Jaume
CabréYo
confieso Volvió
a casa temblando; nada más cerrar la puerta, se quitó el abrigo negro y, sin
fuerzas para colgarlo, lo dejó en la banqueta de la entrada y se fue a su
habitación. La oí llorar y preferí no entrometerme en asuntos que apenas
conocía. Después estuvo un buen rato en la cocina hablando con Lola Xica, quien
le cogía la mano como dándole ánimos. Tardé muchos años en recomponer las
piezas de esa imagen que todavía veo como una pintura de Hopper. Tengo toda la
infancia en casa grabada en la cabeza como diapositivas de pinturas de Hopper,
con la misma soledad pegajosa y misteriosa. Y me veo en ellas como un personaje
sentado en una cama deshecha, con un libro abandonado en una silla desnuda, o
que mira por la ventana o sentado junto a una mesa limpia, mirando la pared
vacía. Porque en casa todo se resolvía con cuchicheos y el roce que se oía con
mayor nitidez, aparte de mis ejercicios de portamento con el violín, era el que
hacía mi madre cuando se ponía zapatos de tacón para salir a la calle. Y si
Hopper decía que pintaba porque no lo podía decir con palabras, yo lo escribo
con palabras porque, aunque lo estoy viendo, soy incapaz de pintarlo. Y siempre
lo veo como él, a través de ventanas o de puertas entornadas. Y al final sé lo
que no sabía. Y lo que no sé me lo invento y también es verdad. Sé que lo vas a
entender y me lo vas a perdonar.
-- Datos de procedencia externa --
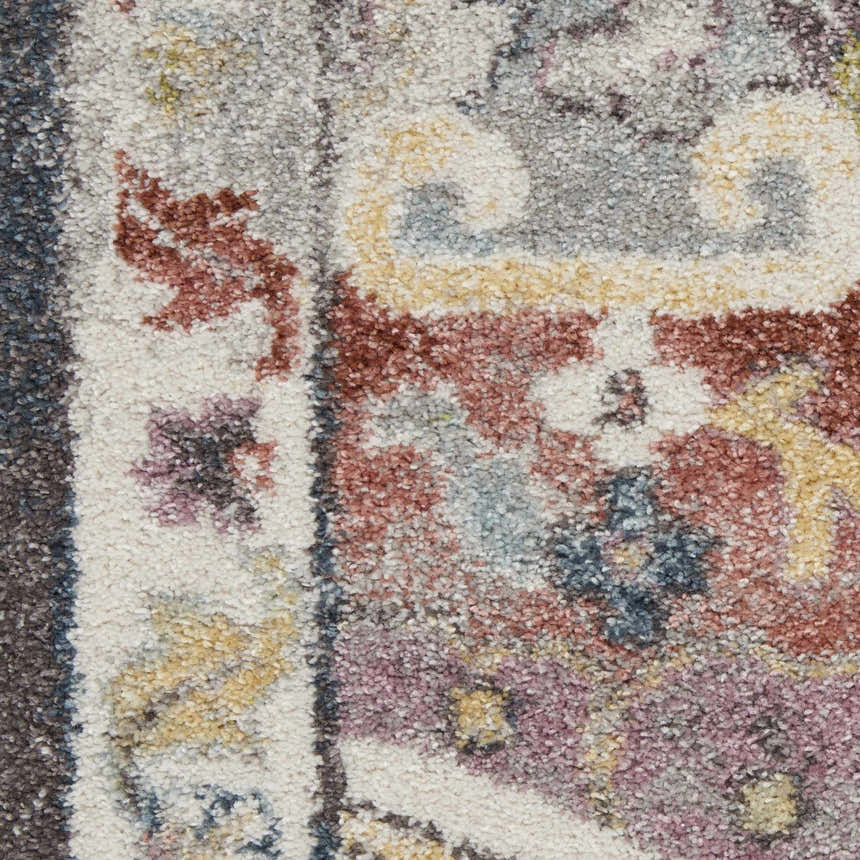 Close-up of Nourison Soraya Charcoal Multi rug. Colorful floral pattern in taupe, red, purple, and yellow hues. Soft texture.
Dos
días después, el señor Berenguer había devuelto sus pertenencias a su
despachito, al lado de las dagas japonesas, y Cecilia a duras penas disimulaba
la satisfacción que sentía fingiendo que esas fruslerías le resbalaban. Fue mi
madre quien habló con Frankfurt y me imagino que la redistribución de piezas
que llevó a cabo, atacando con las torres y la dama, fue lo que empujó al señor
Berenguer a quemar el último cartucho en lo que podríamos considerar un ataque
fulminante e inesperado. Los pesos pesados del anticuario de la calle de la
Paja se declararon la guerra y valía todo.